■ **What you will do**
Restate word for word the lines below from the one that has "Puede incluir: Una" through the one that has "眼角的细纹很多，求推荐几款好用的眼膜？", keeping both and dropping all pictures.

■ **Information**
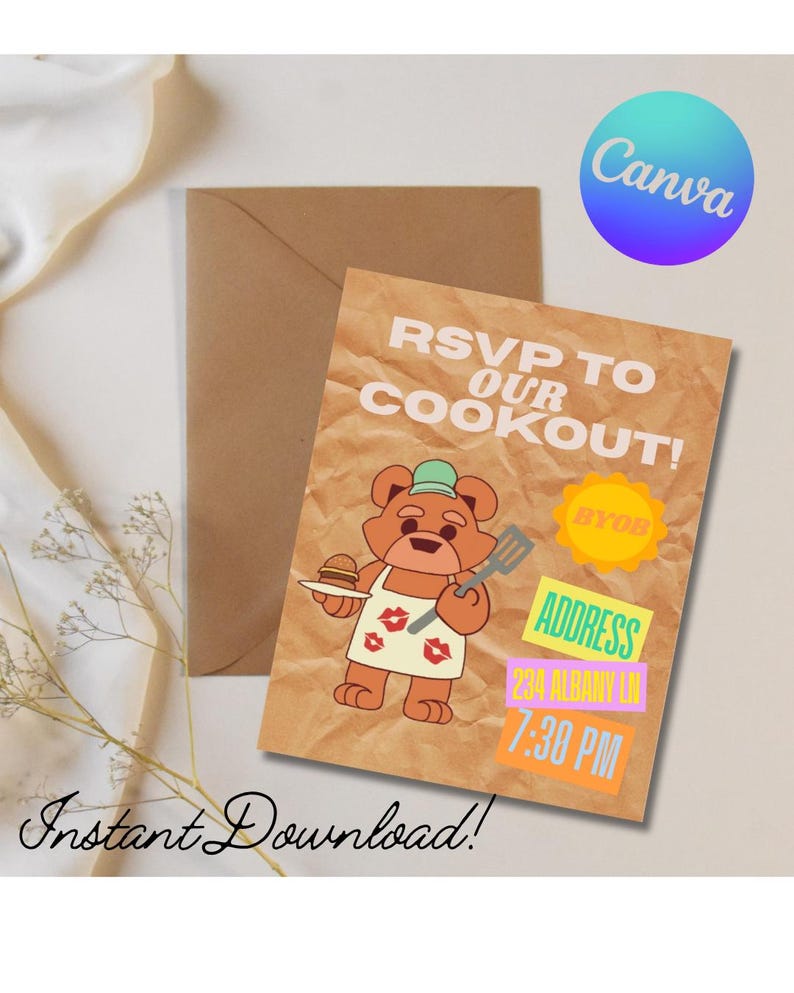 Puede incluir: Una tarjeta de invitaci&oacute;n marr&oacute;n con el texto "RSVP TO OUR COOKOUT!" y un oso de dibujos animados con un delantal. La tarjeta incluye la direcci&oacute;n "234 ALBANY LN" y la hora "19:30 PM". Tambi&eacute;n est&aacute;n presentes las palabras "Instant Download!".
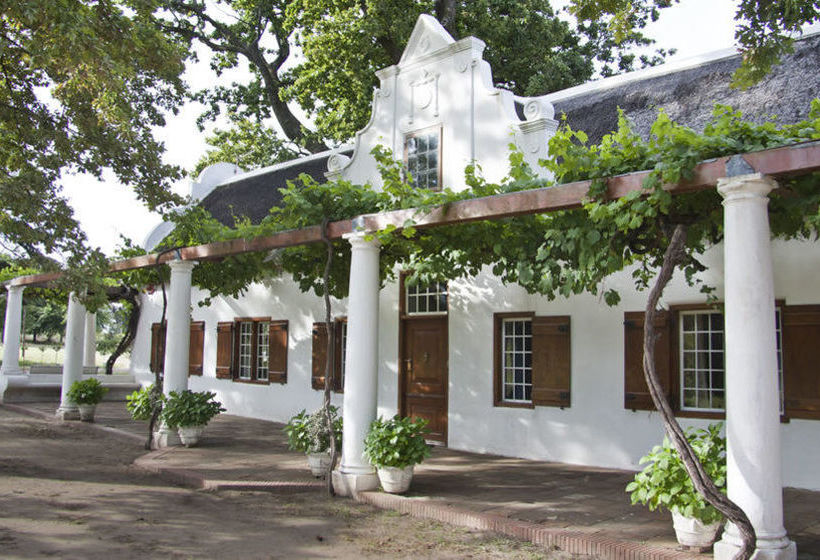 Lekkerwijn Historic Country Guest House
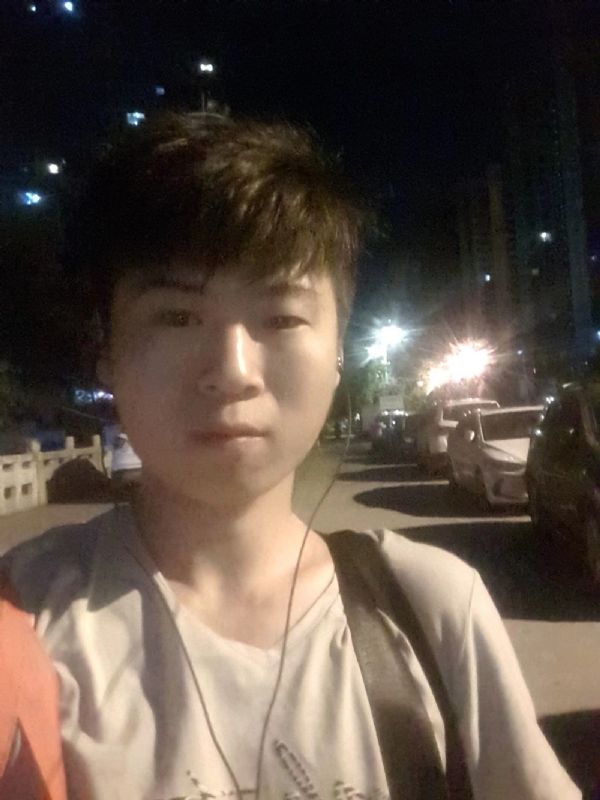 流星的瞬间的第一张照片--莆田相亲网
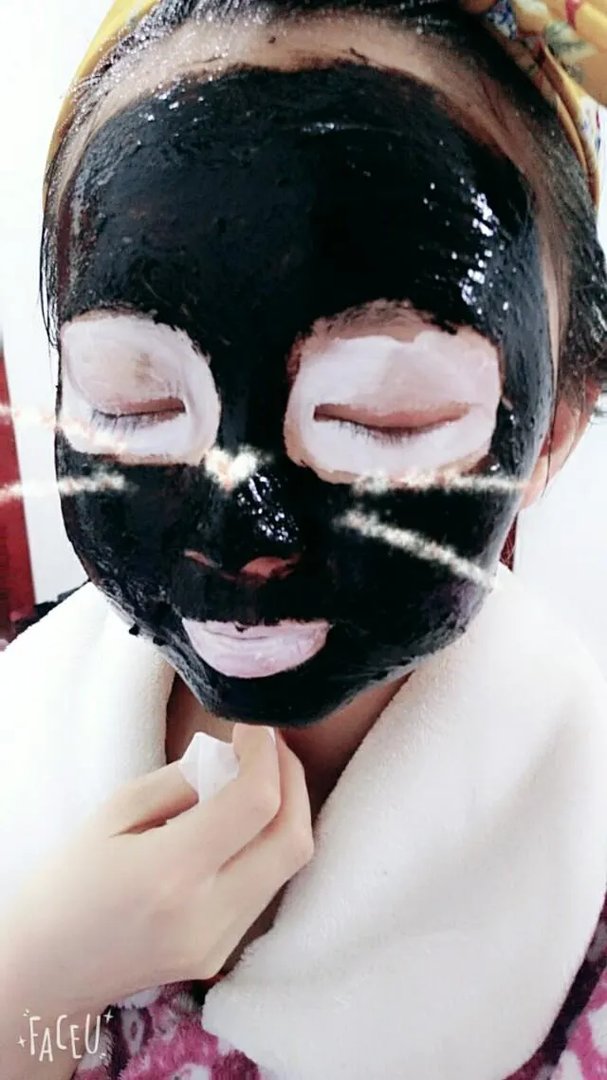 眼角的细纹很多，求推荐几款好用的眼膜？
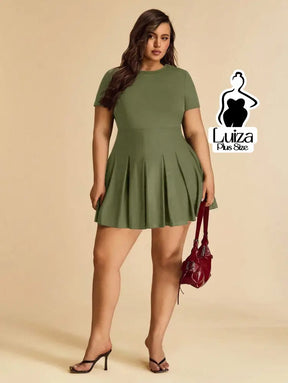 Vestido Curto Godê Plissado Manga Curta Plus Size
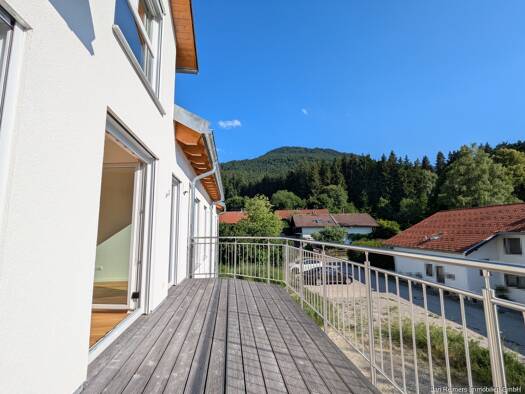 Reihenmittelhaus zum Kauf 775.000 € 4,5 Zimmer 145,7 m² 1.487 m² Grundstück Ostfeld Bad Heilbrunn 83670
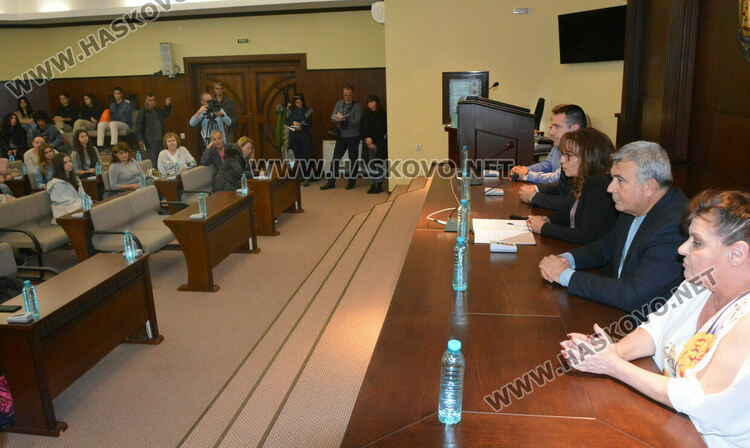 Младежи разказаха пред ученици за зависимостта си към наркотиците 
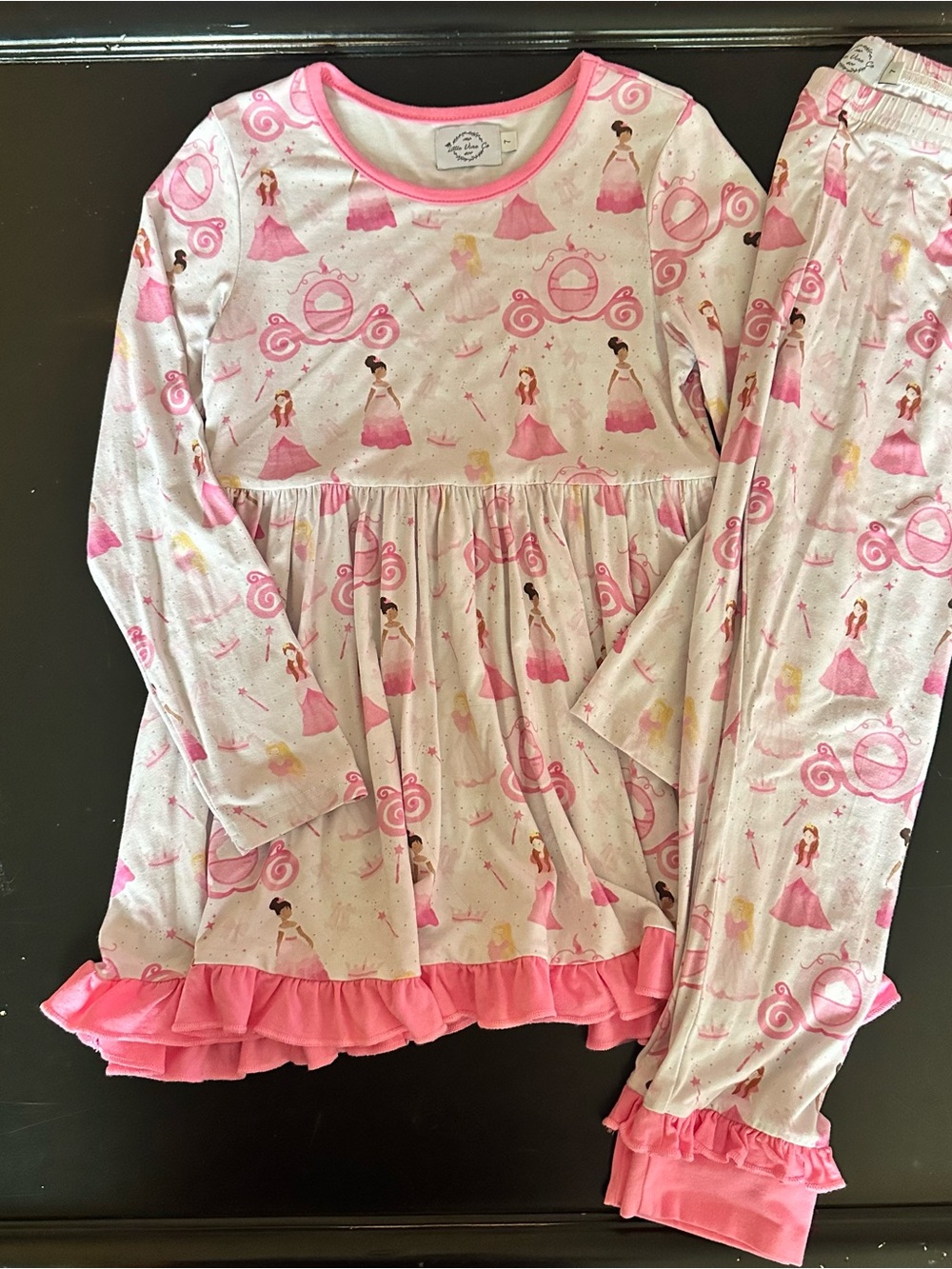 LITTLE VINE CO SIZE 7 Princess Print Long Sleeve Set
--
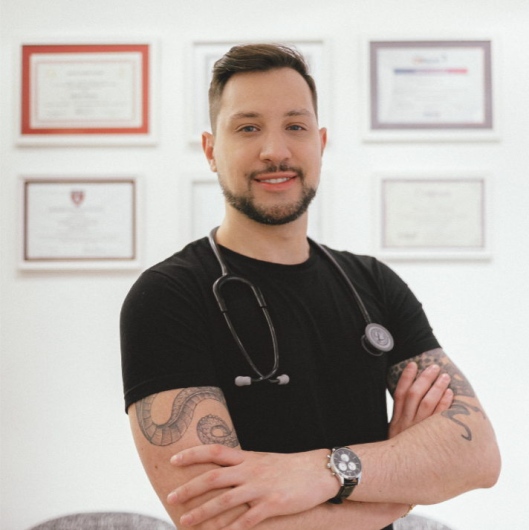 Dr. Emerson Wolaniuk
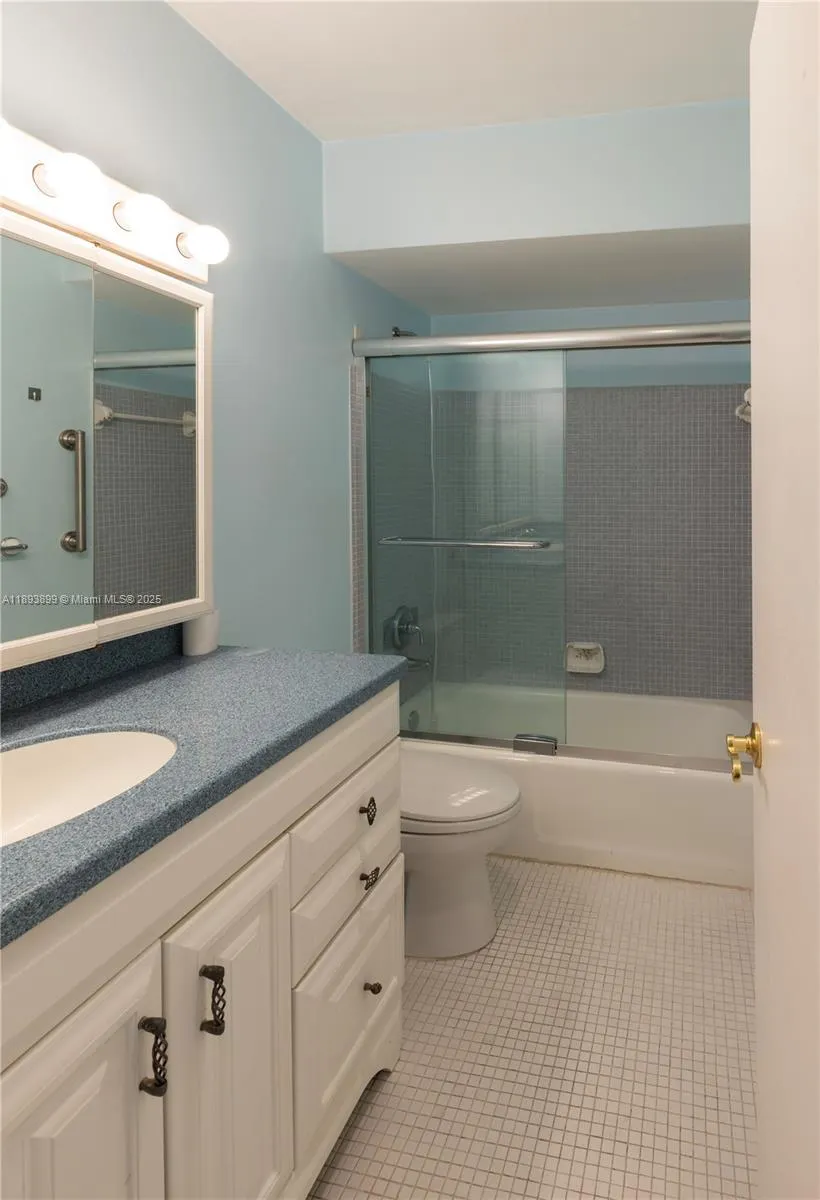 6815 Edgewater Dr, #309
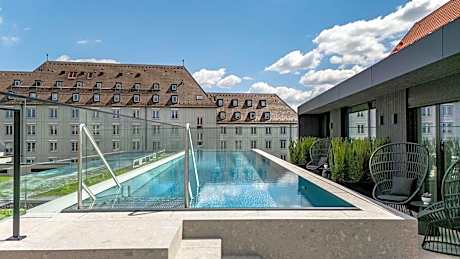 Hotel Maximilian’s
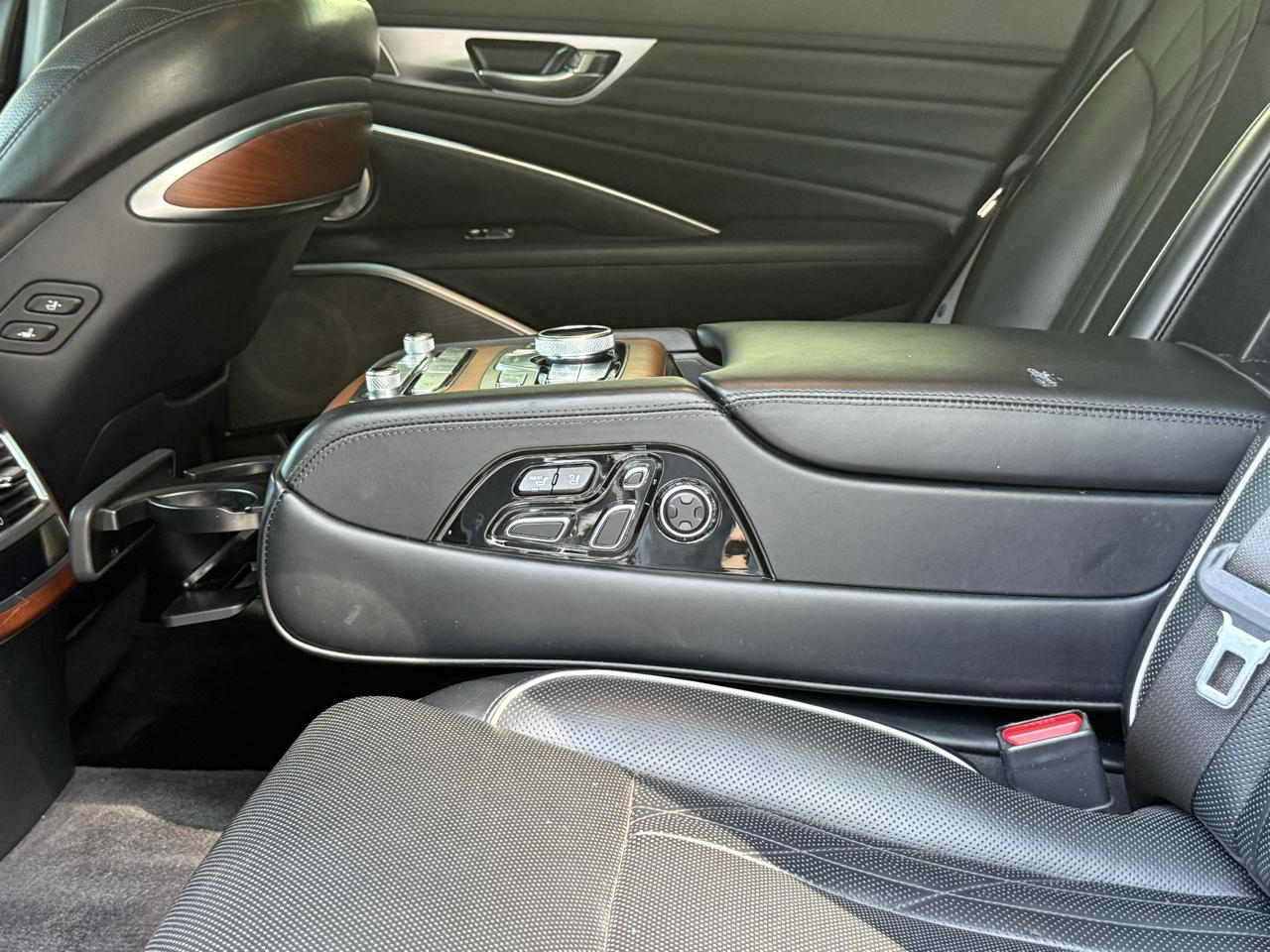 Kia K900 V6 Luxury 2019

■ **Result for this task**
 Puede incluir: Una tarjeta de invitaci&oacute;n marr&oacute;n con el texto "RSVP TO OUR COOKOUT!" y un oso de dibujos animados con un delantal. La tarjeta incluye la direcci&oacute;n "234 ALBANY LN" y la hora "19:30 PM". Tambi&eacute;n est&aacute;n presentes las palabras "Instant Download!".
 Lekkerwijn Historic Country Guest House
 流星的瞬间的第一张照片--莆田相亲网
 眼角的细纹很多，求推荐几款好用的眼膜？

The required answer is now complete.